YANGON (AFP) - Scores of Myanmar students rallied illegally in Yangon Monday against a new education bill they describe as undemocratic, the latest in a series of protests that began during a visit by US President Barack Obama.
Young activists, some holding banners reading "We need Academic Freedom" and "Fight for Democratic Education", staged a peaceful march across the city centre to call for the education system to be reformed.
The protest was held without official permission - an arrestable offence in the former junta-run nation.
"Education is very important to our country's future. Schools need to be democratic if we are to become a democratic country," said Phyo Phyo Aung, secretary of the All Burma Federation of Student Unions. She said the group had not applied for official permission to protest.
"We may be arrested and sent to jail, or our protest may be broken up by force, but whatever happens we have decided to face it," added the 26-year-old technology student, whose own studies were delayed by a previous stint in prison for her activism.
Monday's rally was the latest in a series of bold demonstrations that began with a small rally last Friday, coinciding a speech by Mr Obama to young people at Yangon University.
The US leader was visiting Myanmar to attend regional summits and push the quasi-civilian government to move faster on reforms.

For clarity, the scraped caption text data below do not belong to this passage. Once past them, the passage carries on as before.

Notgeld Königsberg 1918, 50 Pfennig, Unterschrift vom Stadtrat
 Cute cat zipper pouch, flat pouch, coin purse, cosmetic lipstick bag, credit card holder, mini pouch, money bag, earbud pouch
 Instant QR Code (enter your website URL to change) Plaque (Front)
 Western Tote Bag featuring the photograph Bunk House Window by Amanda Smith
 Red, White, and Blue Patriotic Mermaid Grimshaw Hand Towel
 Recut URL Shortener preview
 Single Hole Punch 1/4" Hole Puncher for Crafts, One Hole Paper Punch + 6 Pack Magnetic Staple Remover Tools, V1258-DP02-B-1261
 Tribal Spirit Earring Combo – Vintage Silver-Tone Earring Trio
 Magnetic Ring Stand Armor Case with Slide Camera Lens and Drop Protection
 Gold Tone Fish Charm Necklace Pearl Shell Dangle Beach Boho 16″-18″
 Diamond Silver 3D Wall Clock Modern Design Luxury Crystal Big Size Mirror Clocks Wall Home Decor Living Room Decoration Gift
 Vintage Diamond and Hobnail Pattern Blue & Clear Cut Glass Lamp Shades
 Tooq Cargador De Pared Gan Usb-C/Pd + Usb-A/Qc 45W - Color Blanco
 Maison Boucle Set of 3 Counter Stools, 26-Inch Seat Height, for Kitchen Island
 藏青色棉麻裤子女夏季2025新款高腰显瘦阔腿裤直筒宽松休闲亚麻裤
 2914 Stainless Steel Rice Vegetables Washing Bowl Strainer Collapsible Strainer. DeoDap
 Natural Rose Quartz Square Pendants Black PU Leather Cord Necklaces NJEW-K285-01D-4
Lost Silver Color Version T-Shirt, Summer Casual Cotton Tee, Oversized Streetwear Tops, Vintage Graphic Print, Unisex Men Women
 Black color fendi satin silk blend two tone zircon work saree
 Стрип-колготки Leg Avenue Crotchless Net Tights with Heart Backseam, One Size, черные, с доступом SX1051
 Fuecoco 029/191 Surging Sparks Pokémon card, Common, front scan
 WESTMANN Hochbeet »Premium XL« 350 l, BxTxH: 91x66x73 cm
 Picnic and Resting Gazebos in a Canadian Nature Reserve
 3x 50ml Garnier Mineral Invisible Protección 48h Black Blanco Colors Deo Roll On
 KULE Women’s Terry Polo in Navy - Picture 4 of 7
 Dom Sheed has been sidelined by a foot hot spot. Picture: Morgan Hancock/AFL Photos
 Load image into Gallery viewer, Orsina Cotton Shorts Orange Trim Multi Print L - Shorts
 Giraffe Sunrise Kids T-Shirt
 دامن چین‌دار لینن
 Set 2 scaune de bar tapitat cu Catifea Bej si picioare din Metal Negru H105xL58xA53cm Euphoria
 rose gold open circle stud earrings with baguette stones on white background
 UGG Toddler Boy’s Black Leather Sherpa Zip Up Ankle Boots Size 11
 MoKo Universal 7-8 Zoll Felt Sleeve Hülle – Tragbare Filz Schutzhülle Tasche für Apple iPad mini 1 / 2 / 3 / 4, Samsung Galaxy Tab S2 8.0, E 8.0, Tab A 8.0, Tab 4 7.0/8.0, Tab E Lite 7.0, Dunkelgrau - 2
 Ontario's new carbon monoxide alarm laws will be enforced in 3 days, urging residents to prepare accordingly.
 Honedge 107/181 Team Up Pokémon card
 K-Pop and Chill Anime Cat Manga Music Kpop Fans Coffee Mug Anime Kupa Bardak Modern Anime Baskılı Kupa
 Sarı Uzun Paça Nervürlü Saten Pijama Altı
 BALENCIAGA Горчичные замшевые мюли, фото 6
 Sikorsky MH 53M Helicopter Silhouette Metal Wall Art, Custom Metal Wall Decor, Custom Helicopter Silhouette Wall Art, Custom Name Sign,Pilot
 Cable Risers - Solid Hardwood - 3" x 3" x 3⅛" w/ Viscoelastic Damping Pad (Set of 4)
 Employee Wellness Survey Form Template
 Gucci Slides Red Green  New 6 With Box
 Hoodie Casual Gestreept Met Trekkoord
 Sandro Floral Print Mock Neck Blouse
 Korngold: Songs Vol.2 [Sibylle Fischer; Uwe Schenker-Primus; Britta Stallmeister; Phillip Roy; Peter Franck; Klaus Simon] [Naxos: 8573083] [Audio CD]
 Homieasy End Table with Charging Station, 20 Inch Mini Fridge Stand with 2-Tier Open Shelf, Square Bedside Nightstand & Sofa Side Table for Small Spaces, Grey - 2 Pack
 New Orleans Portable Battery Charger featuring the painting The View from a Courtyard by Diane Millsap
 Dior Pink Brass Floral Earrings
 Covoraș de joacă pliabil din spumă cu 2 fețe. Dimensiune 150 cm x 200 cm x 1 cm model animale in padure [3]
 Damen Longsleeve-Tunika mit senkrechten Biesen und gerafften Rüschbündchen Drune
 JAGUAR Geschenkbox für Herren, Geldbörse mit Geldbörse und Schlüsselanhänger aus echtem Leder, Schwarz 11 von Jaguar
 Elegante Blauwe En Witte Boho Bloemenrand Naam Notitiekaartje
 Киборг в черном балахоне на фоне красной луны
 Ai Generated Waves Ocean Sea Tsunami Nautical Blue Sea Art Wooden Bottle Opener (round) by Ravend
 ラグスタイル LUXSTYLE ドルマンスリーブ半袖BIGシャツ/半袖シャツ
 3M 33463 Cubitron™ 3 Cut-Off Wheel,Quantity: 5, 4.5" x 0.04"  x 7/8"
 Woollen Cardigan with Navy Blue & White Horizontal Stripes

Mr Obama said rebuilding an education system degraded by generals nervous of the power of students was one of Myanmar's biggest challenges, and warned against the impulse of central governments to "narrow the learning process".
"I think that that's something that I'm sure university students here in Myanmar will want to express during the course of this transition period," he said.
A day later dozens of students climbed the gates of Yangon University and briefly rallied within the compound in a potent gesture evoking the central role student protest has played in Myanmar's modern history.
Myanmar was rocked by massive student-led demonstrations against authoritarianism in 1988 that propelled Aung San Suu Kyi into the democracy fight, but were ended with a brutal military crackdown.
Outright army rule ended in 2011 and the country has seen Western sanctions largely swept away in response to reforms, including releasing most political prisoners and allowing Ms Suu Kyi into parliament.
But there are growing concerns that the democratic transition is stalling. Obama raised particular concern over media freedom and the plight of stateless Rohingya Muslims in unrest-torn Rakhine state.
Protesters have also been arrested across the country in recent months, mainly for demonstrating about land disputes without permission.